A tightly scoped OpenSearch operator written in Ruby.
Many issues with the official operator triggered us to roll our own:
- Can't deploy opensearch versions beyond 2.12.0, released in February 2024: opensearch-project/opensearch-k8s-operator#759
- Certificate generation doesn't work, and even if it did work would only create a certificate with a 1 year TTL with no support for rotation
- No support for randomized automatic password generation (two pull requests exist but nothing's moving forward: 816, 986)
- Has a huge number of bugs and doesn't seem to have any momentum in fixing them
- Questionable security choices like making admin credentials readily available on disk on the opensearch pods
- Missing or outdated documentation
- Attempting to run the REST API without TLS doesn't work
- Doesn't follow best practices like capping JVM heap size to 31GB
We were also interested in writing a Kubernetes operator from scratch in Ruby and see how that would compare with orthodox Go operators as Ruby is the prefered language for the Reclaim the Stack platform. At the time of writing this operator comes in at ~1.5k lines of Ruby vs ~20k lines of Go (excluding tests) in the official operator.
Trying to become "feature complete" as a general purpose opensearch operator is outside the scope of this project. Having a limited and focused scope is necessary for us to ensure stability and maintainability over the long term.
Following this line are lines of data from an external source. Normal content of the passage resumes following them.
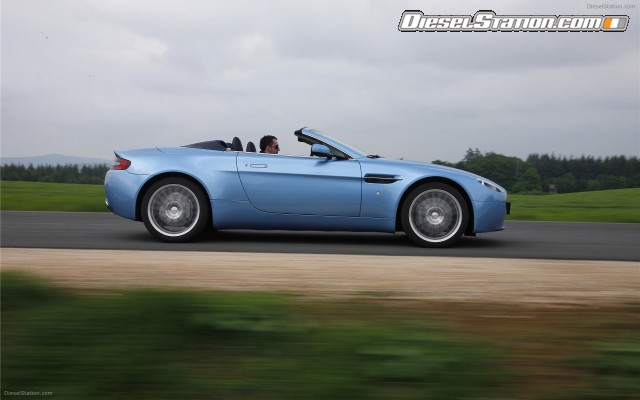 Aston Martin V8 Vantage Roadster Widescreen Picture #25 Aston Martin V8 Vantage Roadster Widescreen Picture #25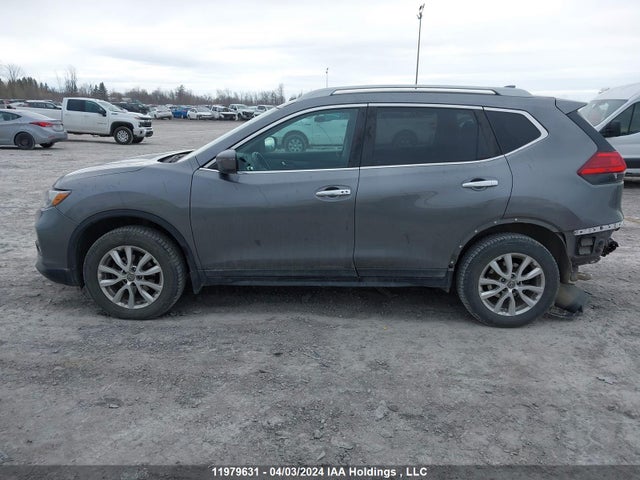 Nissan Rogue 2017 5N1AT2MV5HC739917 Image 34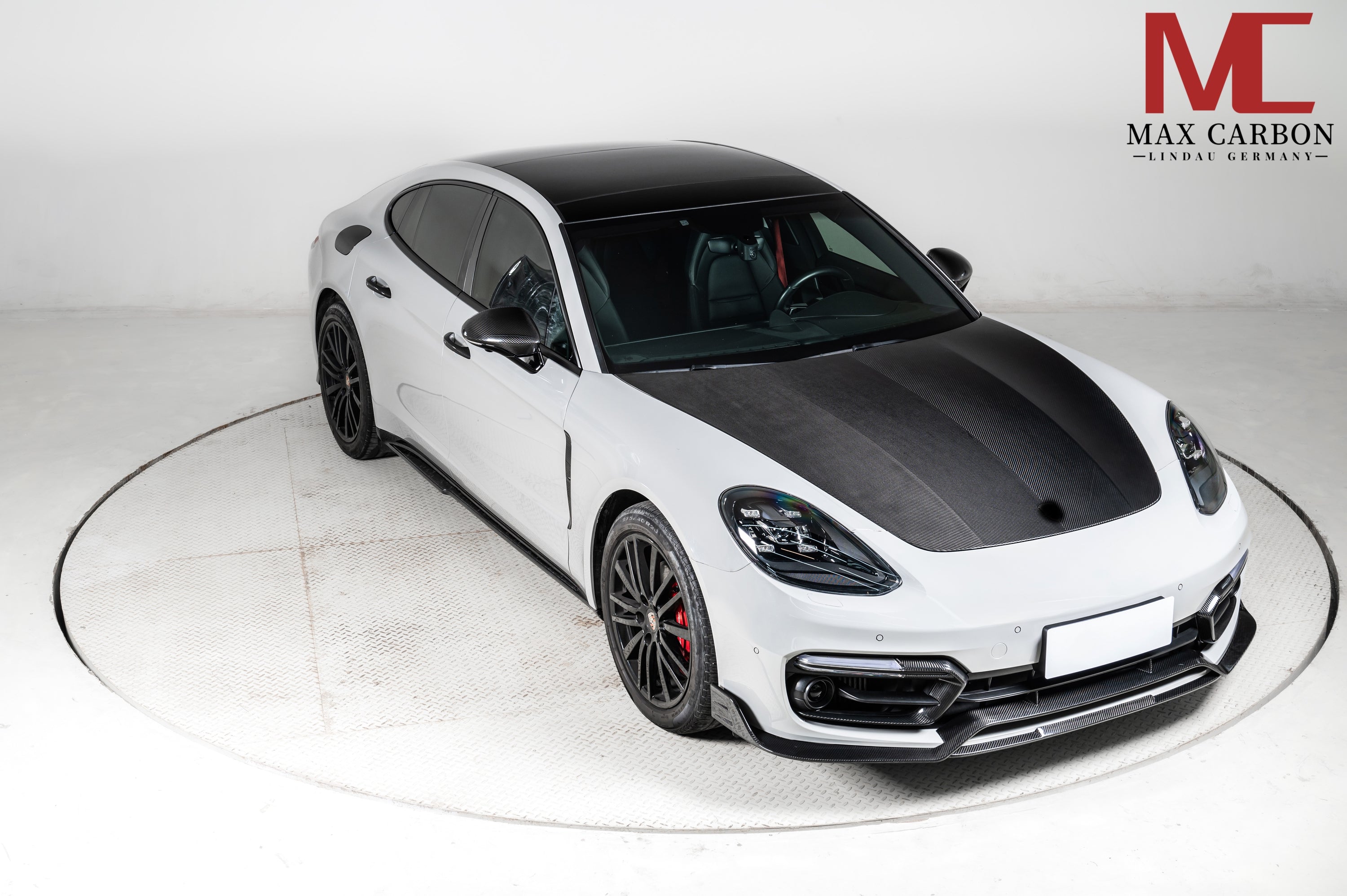 Carbon Frontlippe passend für Porsche Panamera 971 GTS – schärferer Frontauftritt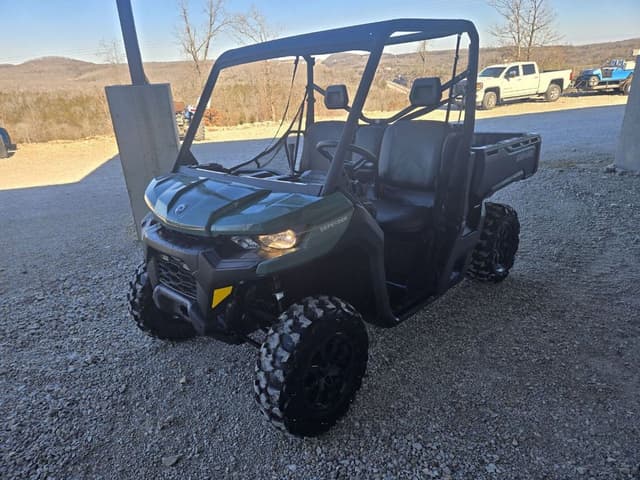 Image of Can-Am Defender HD7 equipment image 4
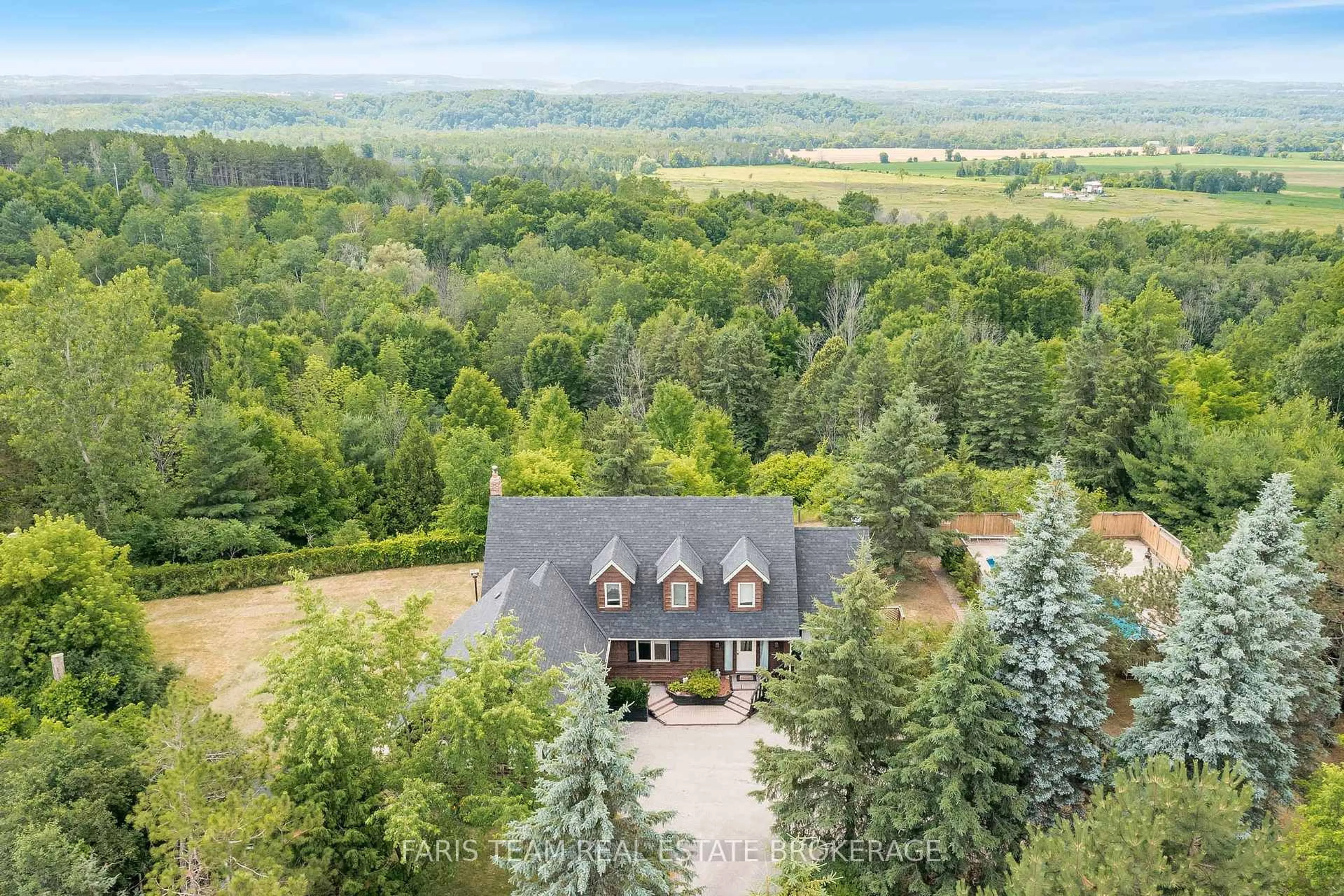 A pic from outside/outdoor area/front of a property/back of a property/a pic from drone, unknown for 3057 Concession Road 4, Adjala-Tosorontio Ontario L0G 1L0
The main purpose of this operator is to suit deployments within the Reclaim the Stack platform.
That said, we ocassionaly go above and beyond the official OpenSearch operator (and even the official ElasticSearch operator) such as with our implementation of declarative snapshot management.
Notable features:
- Can deploy the latest versions of OpenSearch 🥳
- Random passwords generated for all default users (
admin,kibanaserver,readalletc) - Ready to integrate with prometheus operator via a single
ServiceMonitorand Grafana with a dashboard JSON template - Fully declarative snapshot management
- Intelligent JVM heap management (50% of available RAM up to a cap of 31GB to avoid compressed oops)
Notable limitations:
- No functionality to create custom users and roles
- Not tested with old versions of OpenSearch prior to 3.x
- No support for "node pools" for advanced node role topologies (all replicas per cluster are expected to be homogenous master eligble data nodes)
- No support for single or two node clusters (same as the official operator)
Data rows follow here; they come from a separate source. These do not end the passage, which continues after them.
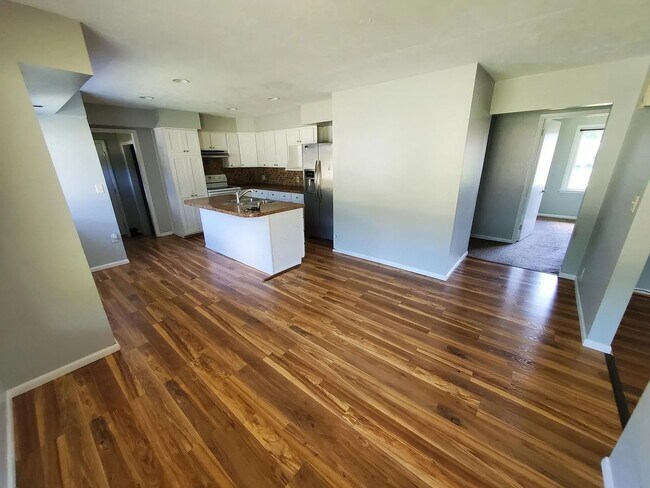 Building Photo - Single Family Home in Desirable Kentwood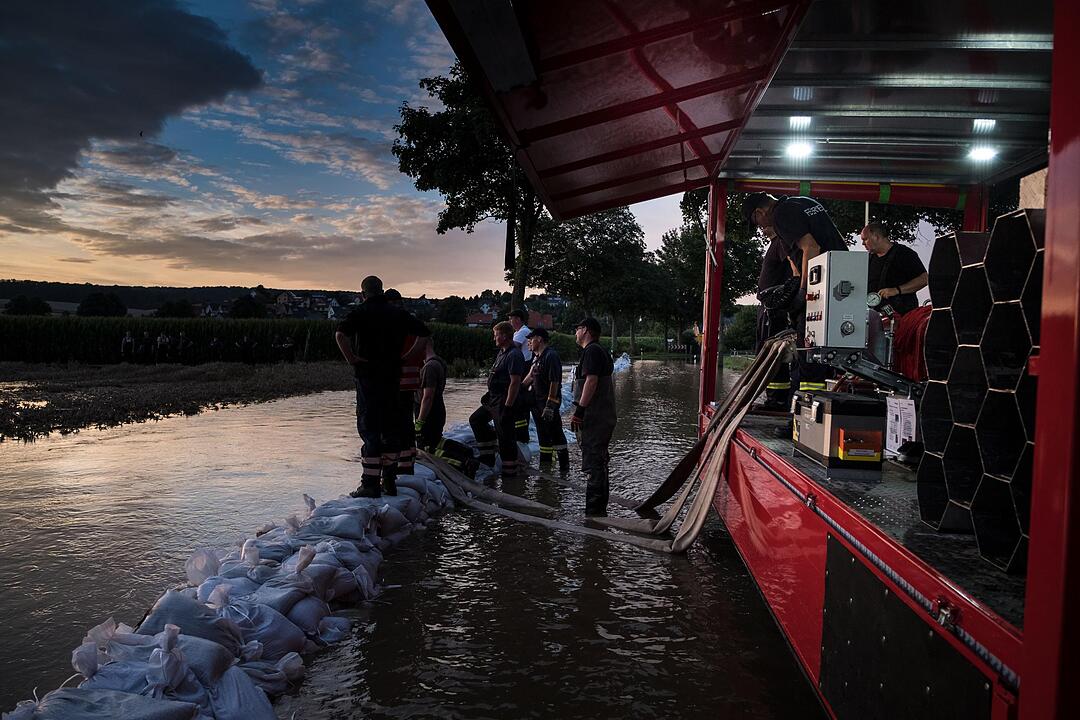 Hochwasser in Deutschland: Der Kampf gegen die Fluten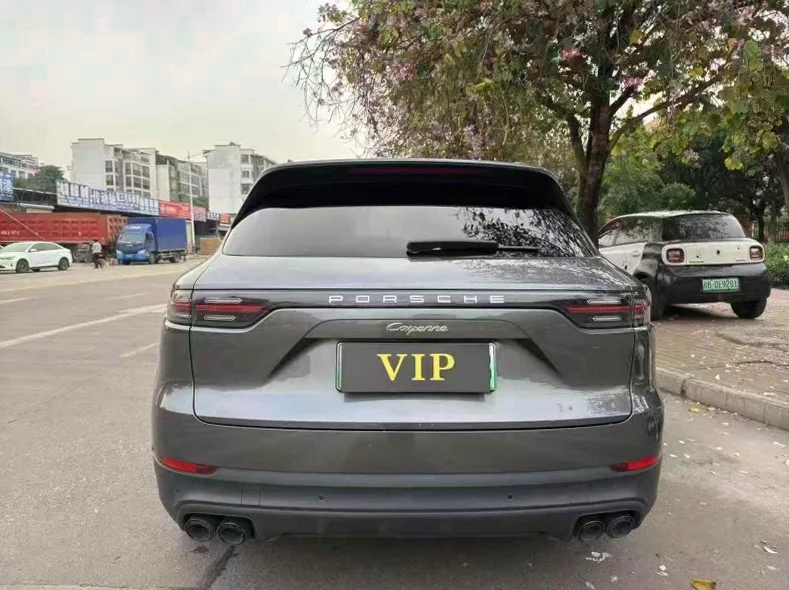 保时捷卡宴 驾驶室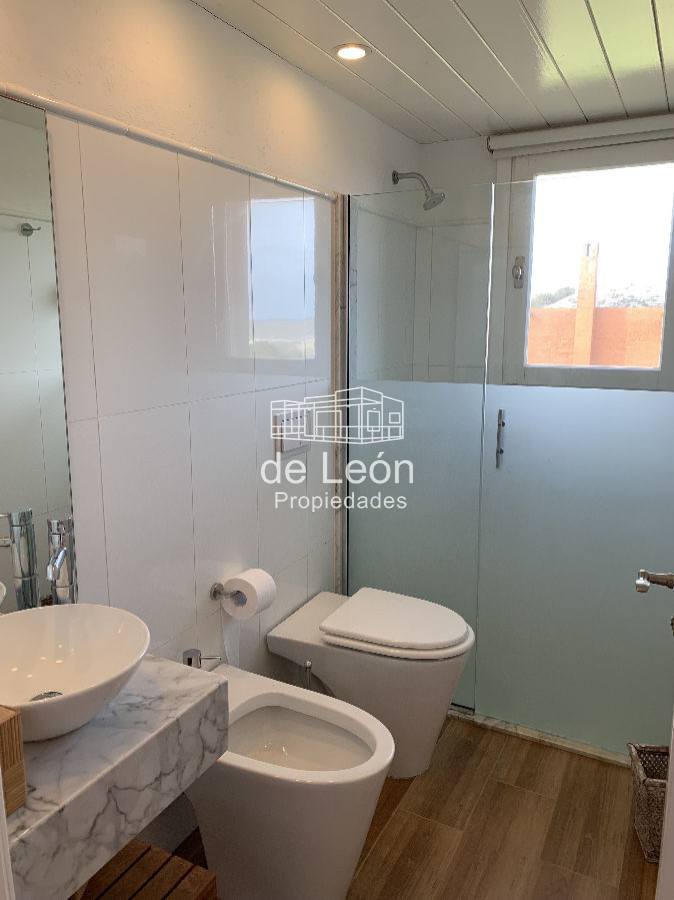 Casa ID.1084 - Amplia casa de 3 dormitorios en suite en segunda linea Montoya, La Bara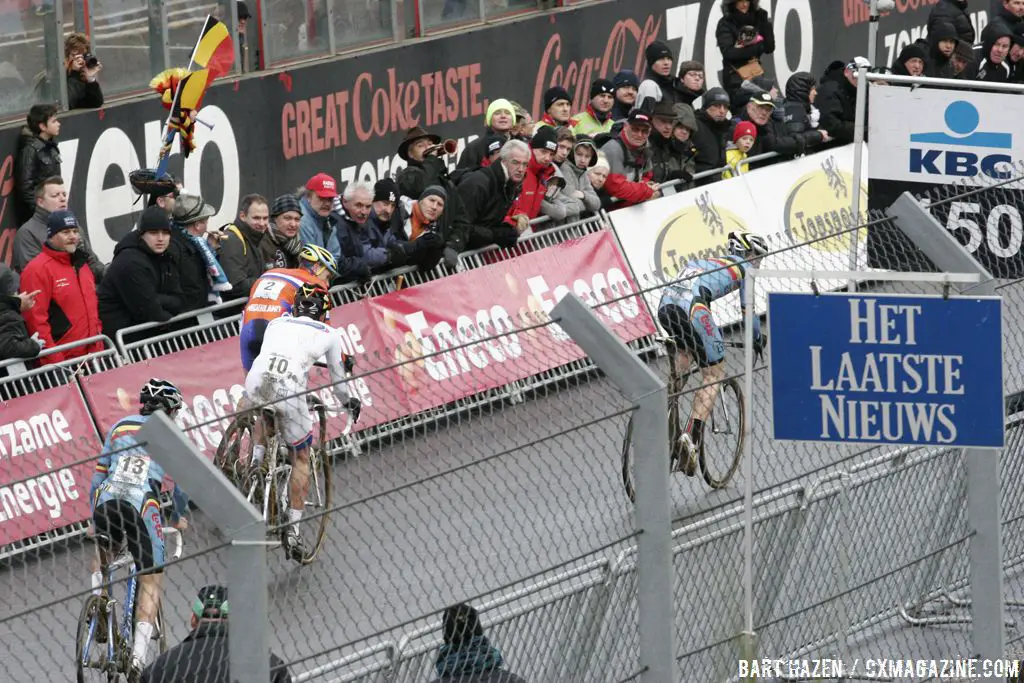 Racers hit the tarmac © Bart Hazen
- REST API runs without TLS (we assume clusters are either fully private or that SSL can be terminated at edge)
- TLS certificates for the transport layer are generated with a 100 year TTL, without strict host verification or rotation support
Feel free to open a pull request if you are missing anything 🙏
- Deploy the operator:
kubectl apply -k deploy/ - Create sample cluster:
kubectl apply -f examples/simple.yaml - Inspect:
kubectl get opensearch
Look at the example files to understand the CRD structure.
TODO: add comprehensive documentation.
Note: This assumes you're running Reclaim the Stack with kube-prometheus-stack running in the monitoring namespace and is using Sealed Secrets for secrets management. Adjust as needed.
Run from your gitops repository:
echo 'apiVersion: monitoring.coreos.com/v1
kind: ServiceMonitor
metadata:
name: reclaim-the-stack-opensearch
namespace: monitoring
spec:
namespaceSelector:
any: true
selector:
matchLabels:
app.kubernetes.io/managed-by: opensearch-operator
app.kubernetes.io/name: opensearch
endpoints:
- port: http
scheme: http
path: /_prometheus/metrics
interval: 30s
scrapeTimeout: 10s
basicAuth:
username:
name: opensearch-servicemonitor-basic-auth
key: username
password:
name: opensearch-servicemonitor-basic-auth
key: password
' > platform/kube-prometheus-stack/opensearch-servicemonitor.yaml
metrics_password=`kubectl get secret opensearch-metrics-basic-auth -n opensearch-operator -o yaml | yq .data.password | base64 -d`
kubectl create secret generic opensearch-servicemonitor-basic-auth -n monitoring --dry-run=client --from-literal=username=metrics --from-literal password=$metrics_password -o yaml | kubeseal -o yaml >> platform/kube-prometheus-stack/opensearch-servicemonitor.yamlNow add the new manifest file to the resources list in platform/kube-prometheus-stack/kustomization.yaml and push the files.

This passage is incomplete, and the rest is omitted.